After making it all the way to the quarterfinals a year ago, Jaramillo feels like they have some unfinished business. “Losing in the quarters last year gave us a reality check. It showed us a different perspective and all the returners saw that we had work to do to get further,” she said.

She considers all the coaches she has had as influences in her game. “The club coaches taught me a lot about defending while our coach here, Paul, has taught me about attacking.” Jaramillo hopes to get a scholarship to a good division-two school next year.

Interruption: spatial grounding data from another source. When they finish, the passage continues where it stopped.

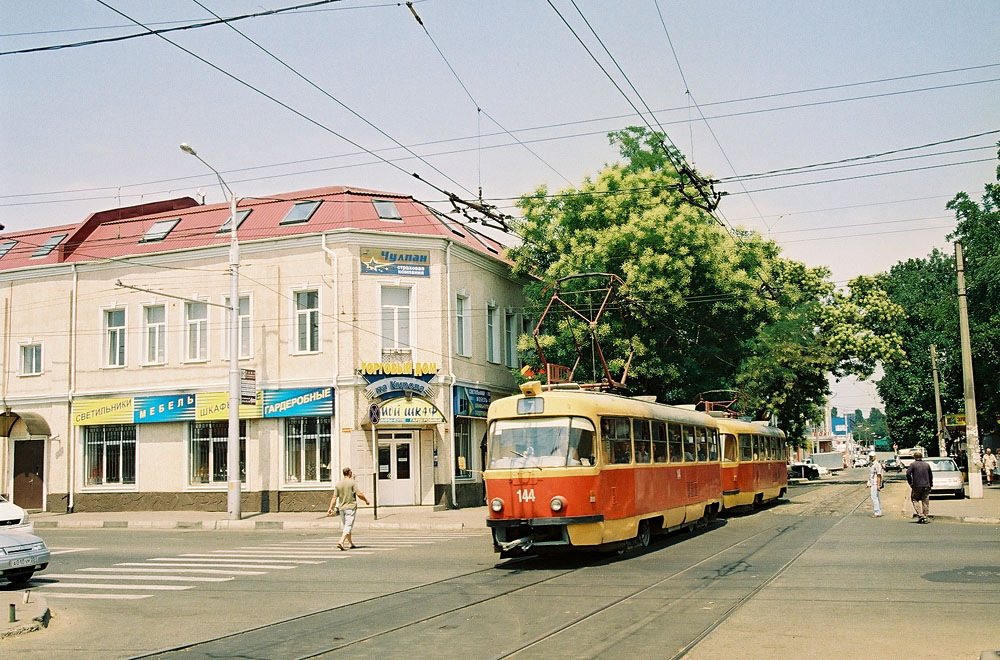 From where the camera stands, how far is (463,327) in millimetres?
34000

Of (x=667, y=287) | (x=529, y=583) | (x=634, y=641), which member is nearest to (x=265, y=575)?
(x=529, y=583)

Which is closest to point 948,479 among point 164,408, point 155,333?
point 164,408

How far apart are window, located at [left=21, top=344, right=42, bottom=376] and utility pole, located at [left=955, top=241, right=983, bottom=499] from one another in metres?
32.4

Soccer isn’t as punishing a sport on your body as football or baseball, but it is no less demanding. In soccer there is so much full sprinting to get the ball, make a pass, or attack, that it really demands an extreme amount of aerobic exercise. A good soccer player really does need to be very well conditioned and have great cardio to excel in the sport.

Even though she stands out on the field with her play, Jaramillo finds it difficult to be noticed by some of these schools due to her small stature. “The schools all want big tall girls,” Jaramillo said. “So it’s hard to get noticed.”

The coaches here don’t seem to mind how tall she is, but she feels that other coaches see it differently. “The coaches at four-year schools focus on it too much; it’s definitely something I’ve had to overcome.”

It helps to have tall defenders, but Jaramillo shows it’s not a necessity. “I use my height as an advantage,” she said. “A lot of girls underestimate me for my shortness.”

After starting the year off rolling with a 5-1 win over Solano and a 7-1 win over West Valley College, Jaramillo notices the team chemistry building. “We are definitely making it to the final four,” she stated with confidence. “Playing our way and doing it like that is the ultimate goal.”